From the line below containing "2012 Volkswagen polo - Image 3" to the final line, print each line exactly as written. No pictures belong in the copy.

[Opening Task data section]

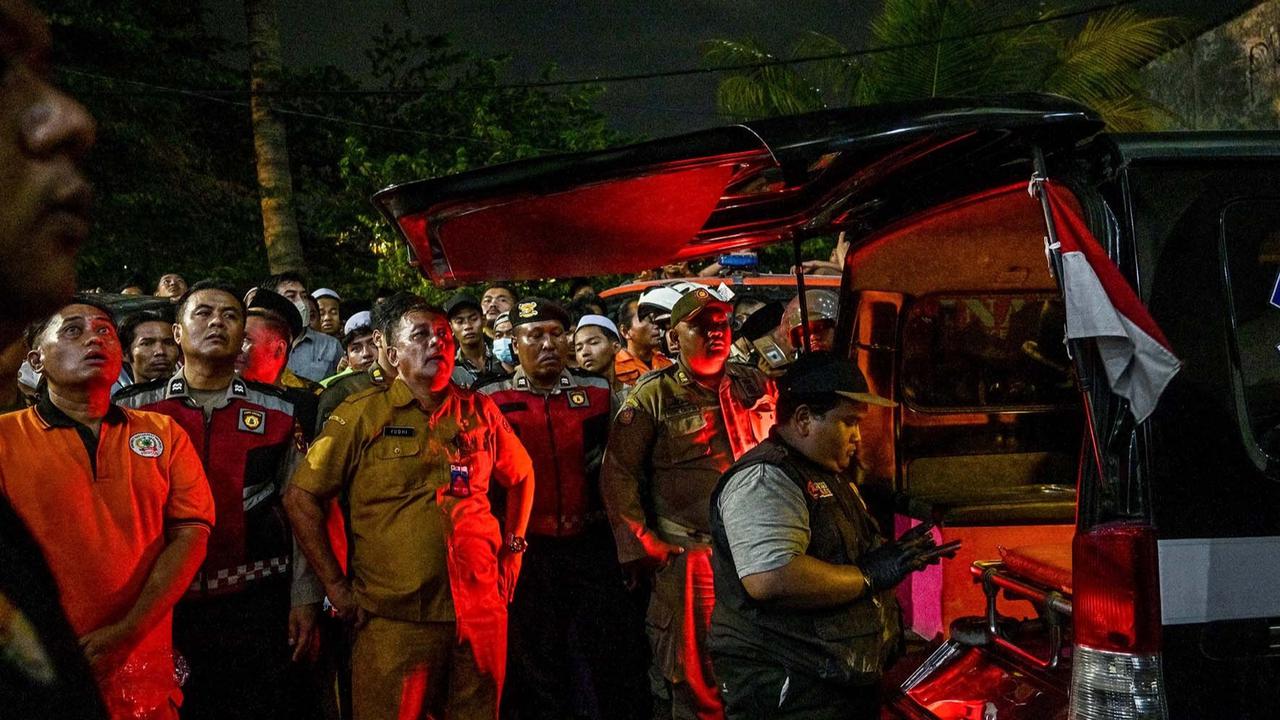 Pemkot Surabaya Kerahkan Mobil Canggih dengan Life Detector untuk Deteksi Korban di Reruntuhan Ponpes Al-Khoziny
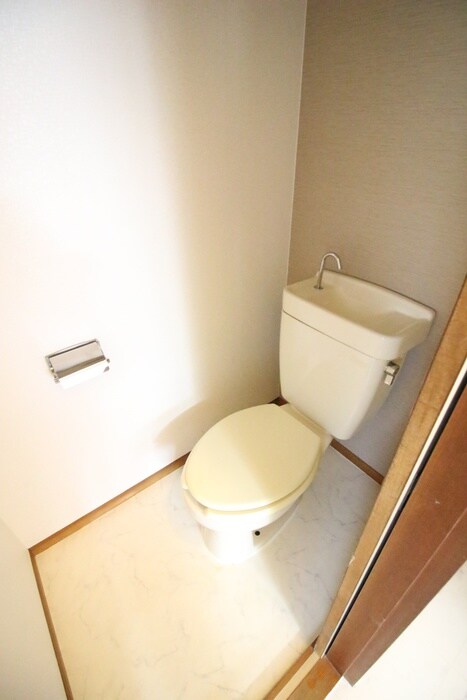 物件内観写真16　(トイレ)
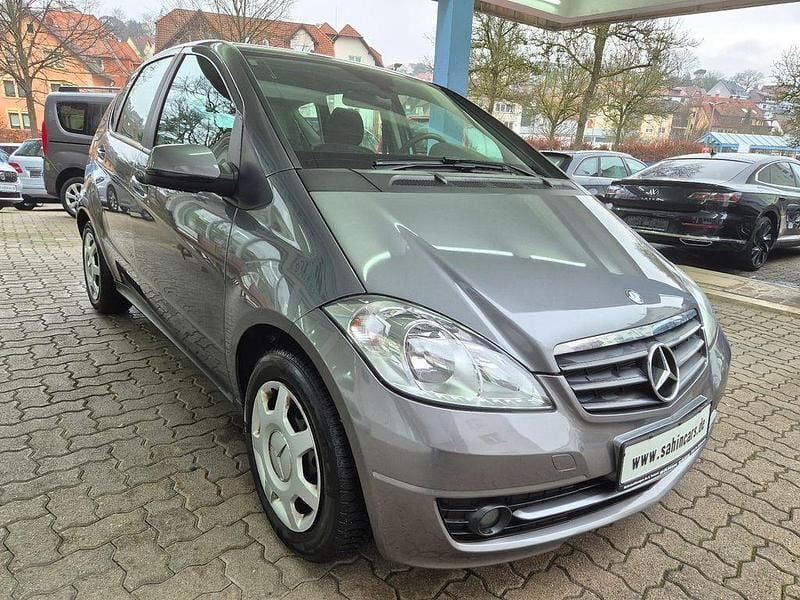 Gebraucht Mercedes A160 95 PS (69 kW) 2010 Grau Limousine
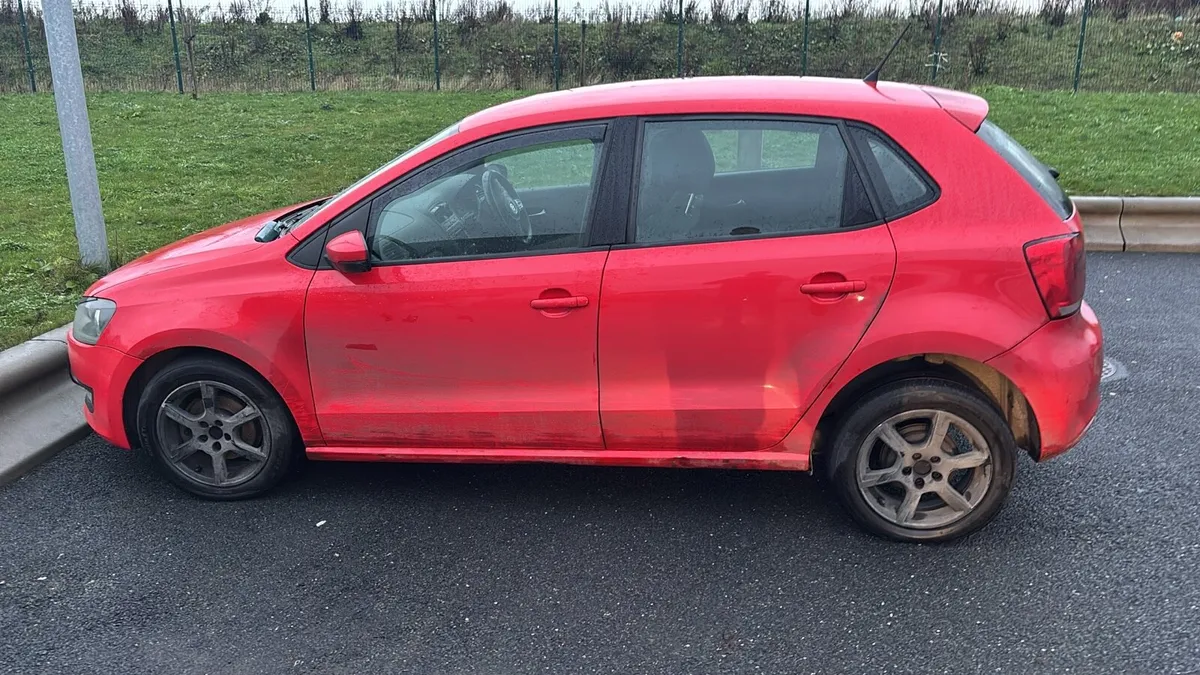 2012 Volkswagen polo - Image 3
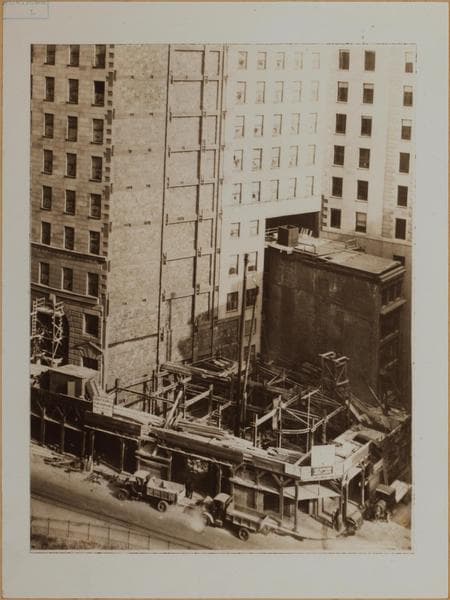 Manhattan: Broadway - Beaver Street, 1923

[Closing Task data section]

== Reply to the task ==
 2012 Volkswagen polo - Image 3
 Manhattan: Broadway - Beaver Street, 1923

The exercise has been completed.